*What is needed*. Extract every line between the one with "حالات Samsung S20" and the end of the entries, both included, word for word and free of pictures.

===== Input material

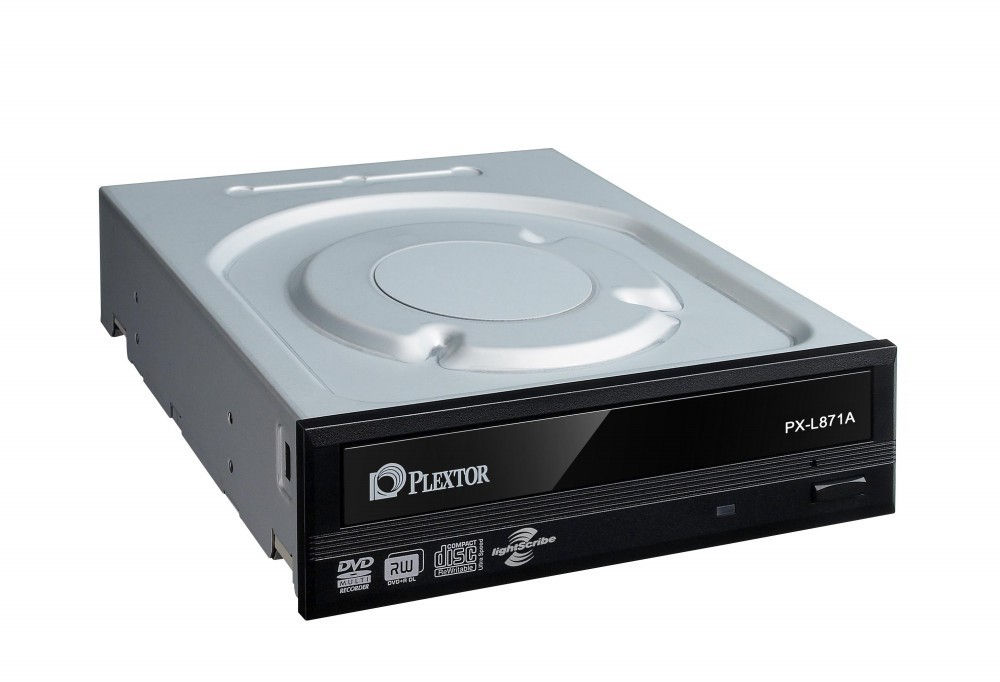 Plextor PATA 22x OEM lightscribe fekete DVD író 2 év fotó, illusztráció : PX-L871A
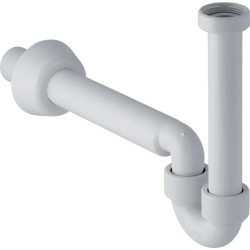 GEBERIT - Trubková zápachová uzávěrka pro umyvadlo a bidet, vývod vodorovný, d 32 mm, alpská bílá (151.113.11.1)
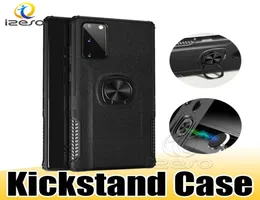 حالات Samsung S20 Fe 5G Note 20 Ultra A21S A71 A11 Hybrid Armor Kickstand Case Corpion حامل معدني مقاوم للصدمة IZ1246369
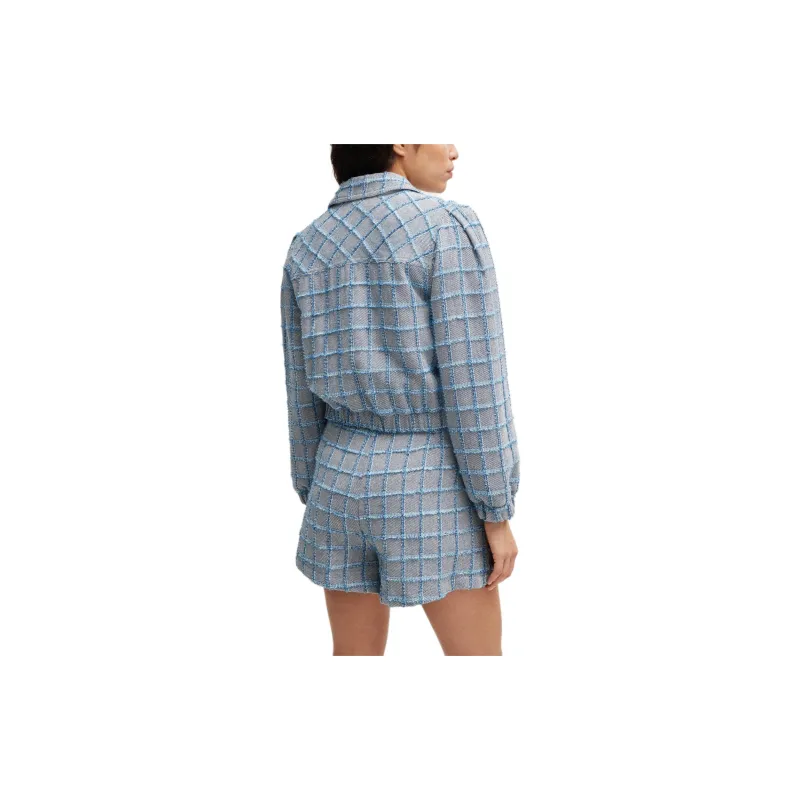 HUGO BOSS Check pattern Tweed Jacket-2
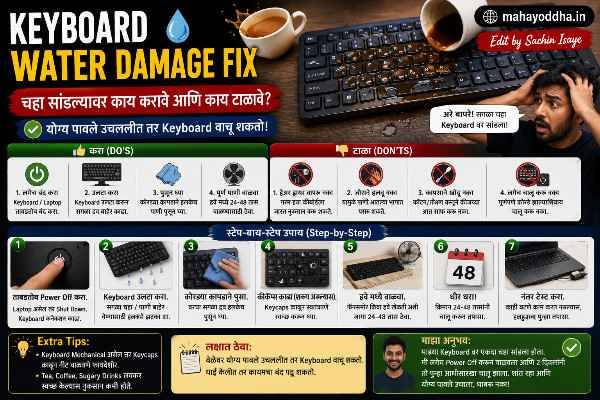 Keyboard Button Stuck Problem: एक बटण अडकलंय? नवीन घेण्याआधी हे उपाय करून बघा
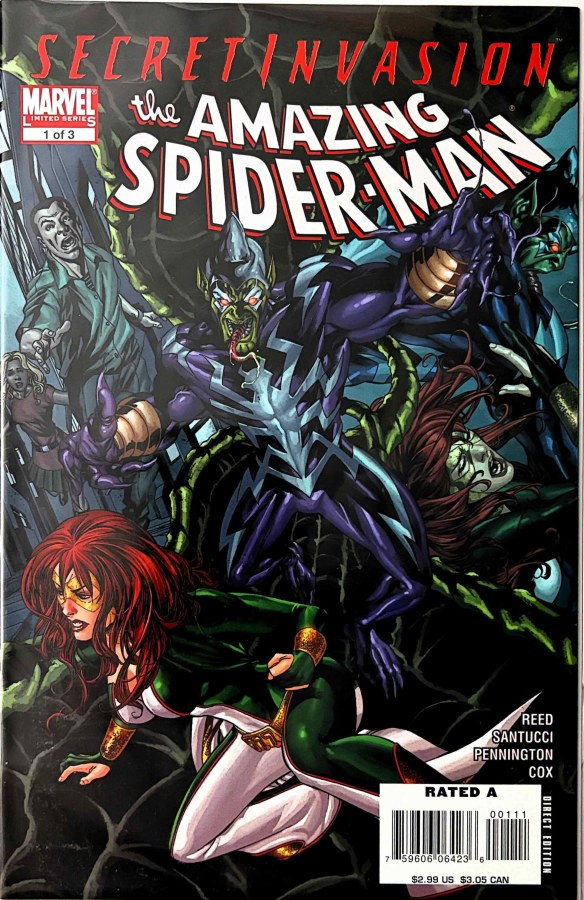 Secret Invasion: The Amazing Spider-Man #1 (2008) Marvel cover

==========

*Result for this exercise*.
 حالات Samsung S20 Fe 5G Note 20 Ultra A21S A71 A11 Hybrid Armor Kickstand Case Corpion حامل معدني مقاوم للصدمة IZ1246369
 HUGO BOSS Check pattern Tweed Jacket-2
 Keyboard Button Stuck Problem: एक बटण अडकलंय? नवीन घेण्याआधी हे उपाय करून बघा
 Secret Invasion: The Amazing Spider-Man #1 (2008) Marvel cover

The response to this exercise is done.